Commands Concerning Marriage

1Corinthians 7:10-11 And unto the married I command, yet not I, but the Lord, Let not the wife depart from her husband: But and if she depart, let her remain unmarried, or be reconciled to her husband: and let not the husband put away his wife. 

‘I command, yet not I, but the Lord, let not the wife depart from her husband.’ Commands concerning marriage: Let every man have his own wife and every woman her own husband (7:2). Let the husband meet the sexual needs of the wife and the wife that of her husband (not just his own and without any perversion (7:3-4). Defraud not each other in sexual matters – fulfil your conjugal vows. Come together again after you have consented to live content for a period so as to pray and fast (7:5). Let both man and woman marry if they have battles of self-control (7:9). Let not the wife depart from her husband (7:10). If she does depart, let her remain unmarried or be reconciled to her husband (7:11) if there was no fornication, violence or neglect. Let not the husband divorces his wife (7:11). Let not the Christian man/wife divorces the non-Christian if he/she is pleased to dwell with him/her (reasons, 7:12-16). If the unbelievers depart and refuse to live with the Christian, let him/her depart. Do not force continuance of the marriage. The Christian is freed from the marriage bonds in such cases (7:15). Let every man or woman remain as he or she was when each became a Christian (7:17-24). That is, do not use Christianity as an excuse to break up your own home and perhaps another, seeking a new companion. If you are bound to a wife, seek not to be loosed (7:27). That is, do not get a divorce, regardless of the past. Stay in the same calling and state in which you were saved (7:17-24). If you are loosed from a husband/wife, seek not another (7:27). If you do marry, however, you have not sinned (7:28). You that have husbands/wives, live as though you did not have them (7:29-31). That is, live free from anxiety and stress (7:32-35). It is no sin for the virgin to marry (7:36-38). The wife is bound by law to be married as long as the husband lives (7:39). Marriage is for the lifetime of the husband or wife. Christians must remarry only Christians when companions die or leave (7:39).

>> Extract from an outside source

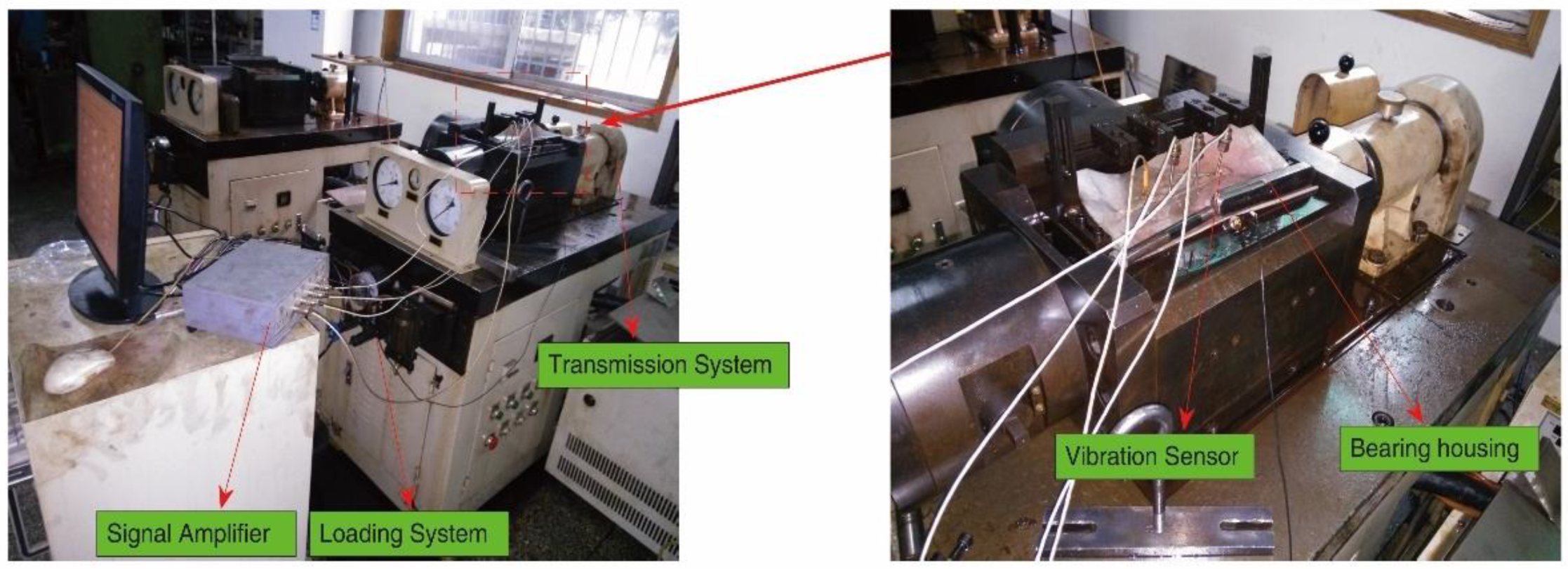 Sensors 23 09082 g011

‘Depart’ – This means to get a divorce, or Paul would not have restricted her to remain single, not remarrying unless it was to her former husband. Among Jews a woman had just as much right to put away a husband as the husband had to put away a wife. A woman could say to the elders that her parents or brethren had deceived her, betrothed her to the husband when she was young, and state, “I now reveal to you that I will not have him as my husband.” Some parted with mutual consent and this was considered legal, as was also their remarriage to others. All divorces were considered the complete dissolution of the marriage bond; and, in consequence of this, they were free to remarry. Any woman or man who got a divorce on grounds other than those allowed was to remain single or remarry the former companion. Divorce on scriptural grounds meant that a person was free to remarry, providing it was to another Christian (7:15, 27-28; Matt. 5:32; 19:6). The innocent was not to be held responsible for the sins of the guilty (Ezek. 18:2-4, 13, 17-32).